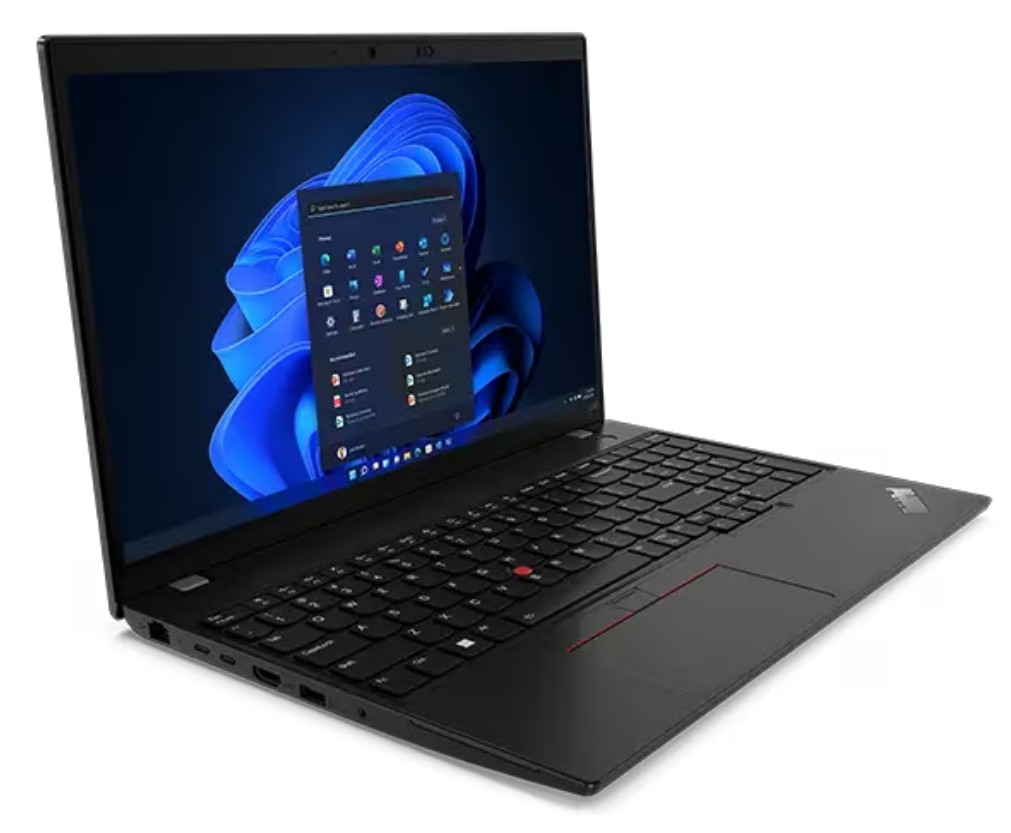 Obrázek Lenovo ThinkPad L/L15 Gen 4/i5-1350P/15,6"/FHD/8GB/512GB/Intel int/W11P down/Black/3R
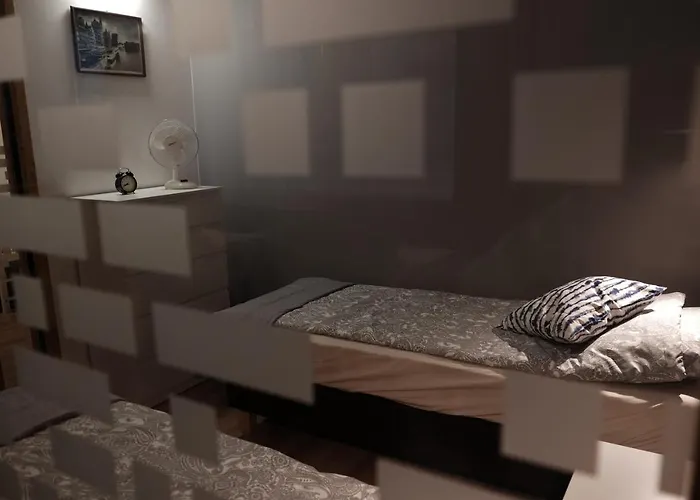 アパート Pomeranian House *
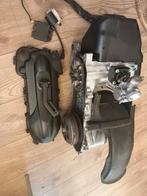 Piaggio skr 125cc gereviseerd blok v force 150cc 180cc, Tweetakt, Overige modellen, Zo goed als nieuw, 125 cc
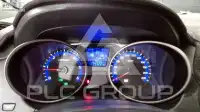 2009 Hyundai Tucson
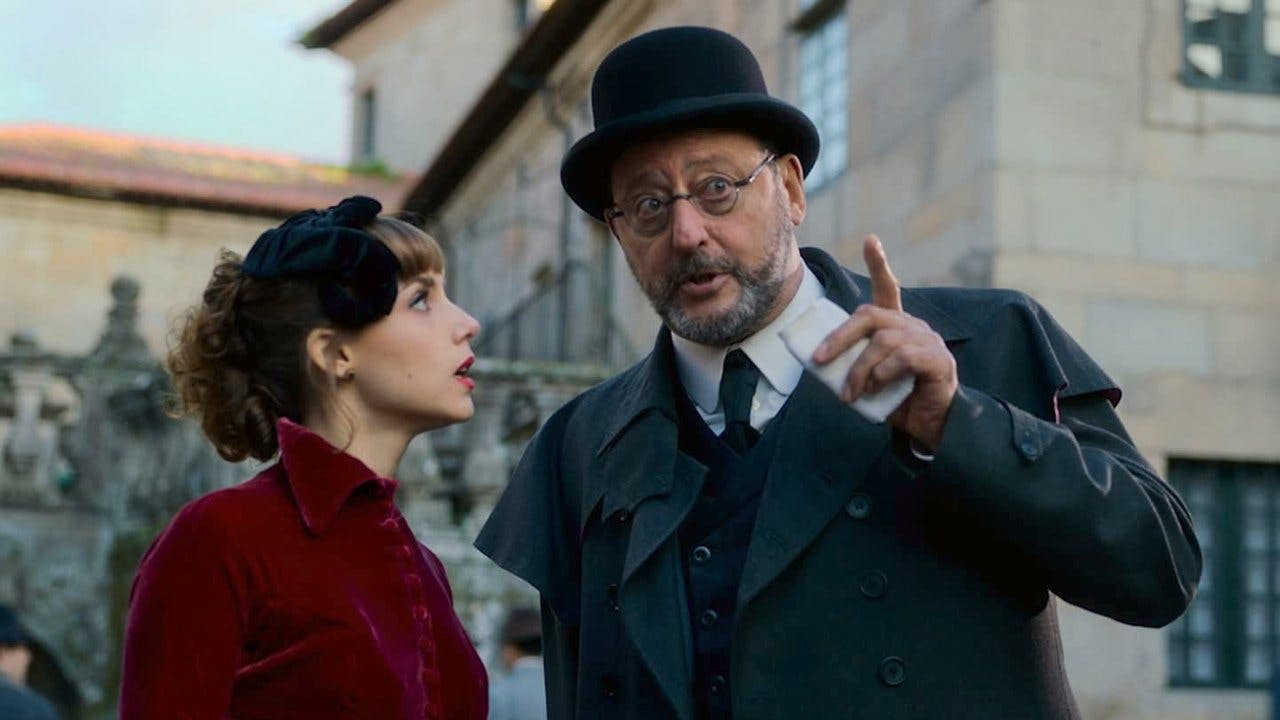 assista ao episódio 2 da temporada 1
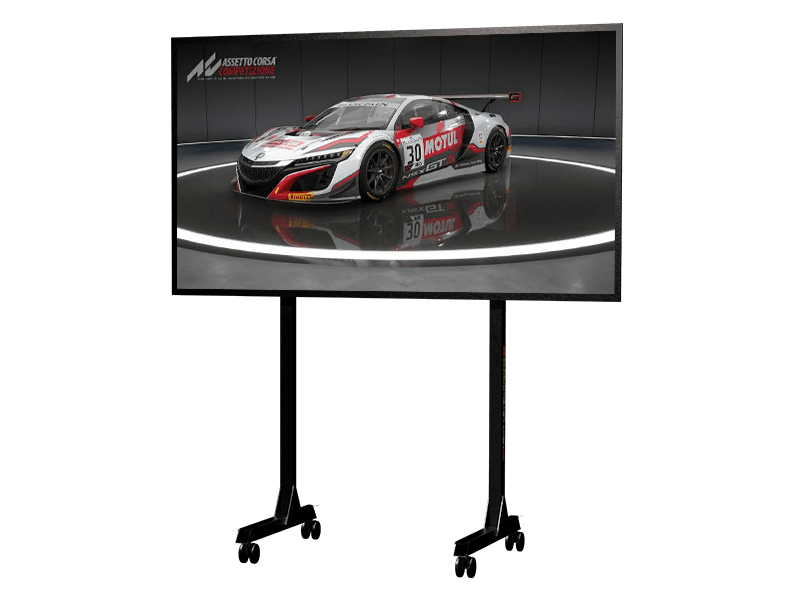 Single Monotor Stand 800x500 Hero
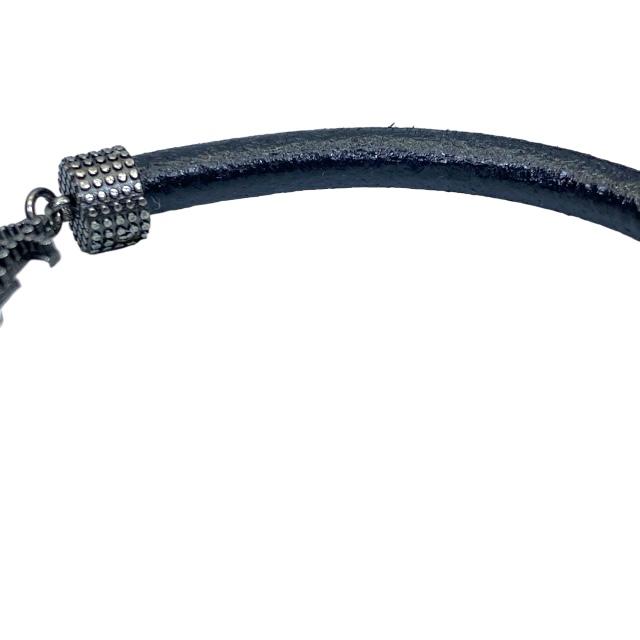 SAINT LAURENT 【未使用】SAINT サンローラン オピウム ブレスレット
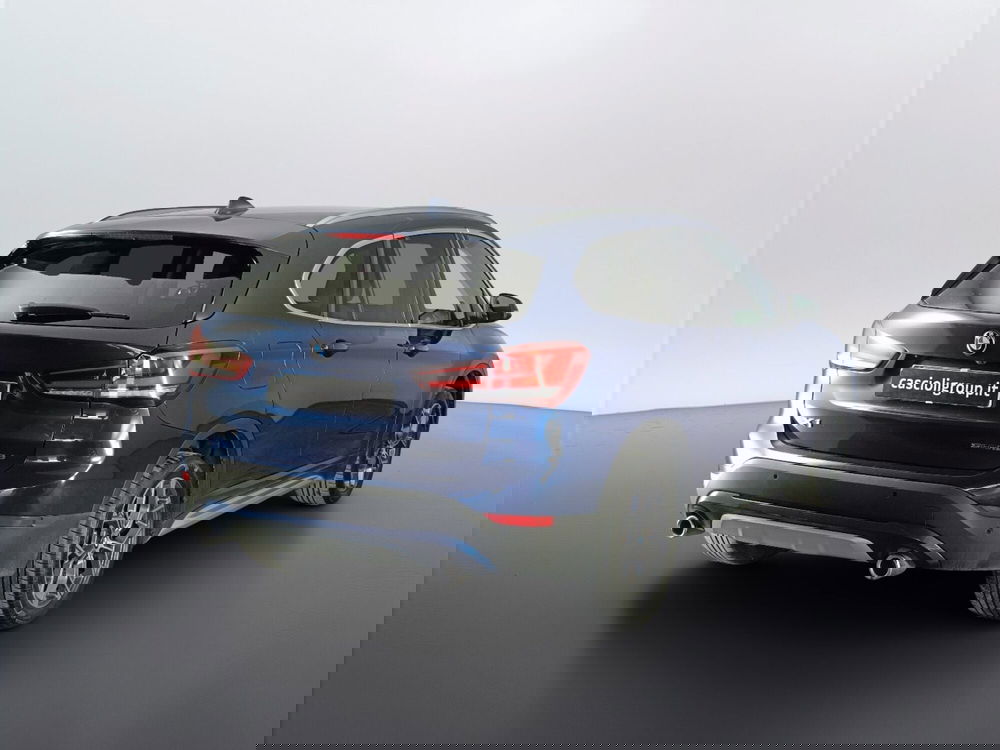 BMW X1 usata a Ascoli Piceno (4)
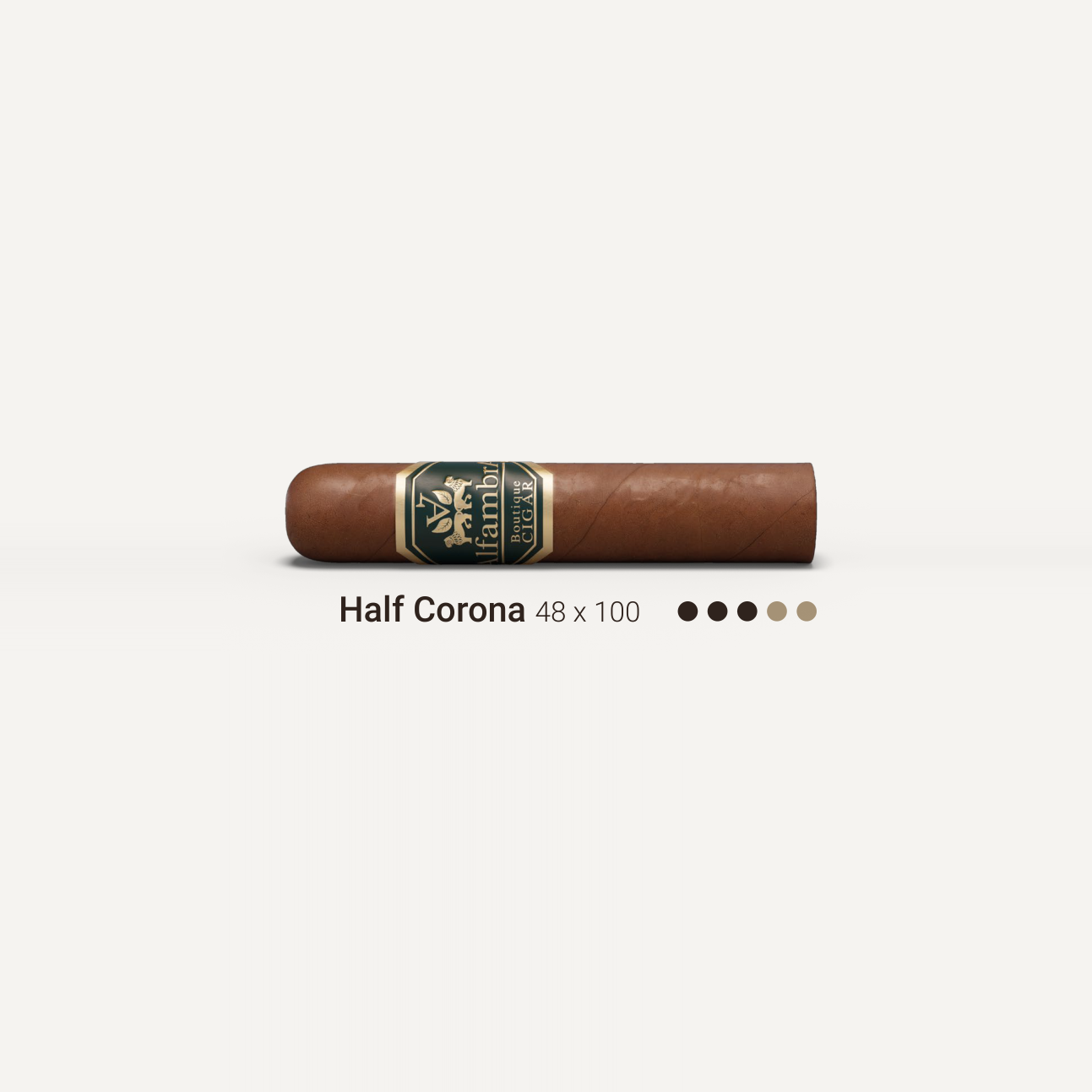 Half Corona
══════════════════════════════
Exactly the lines from the one containing "Single Monotor Stand 800x500 Hero" through the last line of the material above, both included and free of pictures, should make up your answer, please.

## Solution to this problem
 Single Monotor Stand 800x500 Hero
 SAINT LAURENT 【未使用】SAINT サンローラン オピウム ブレスレット
 BMW X1 usata a Ascoli Piceno (4)
 Half Corona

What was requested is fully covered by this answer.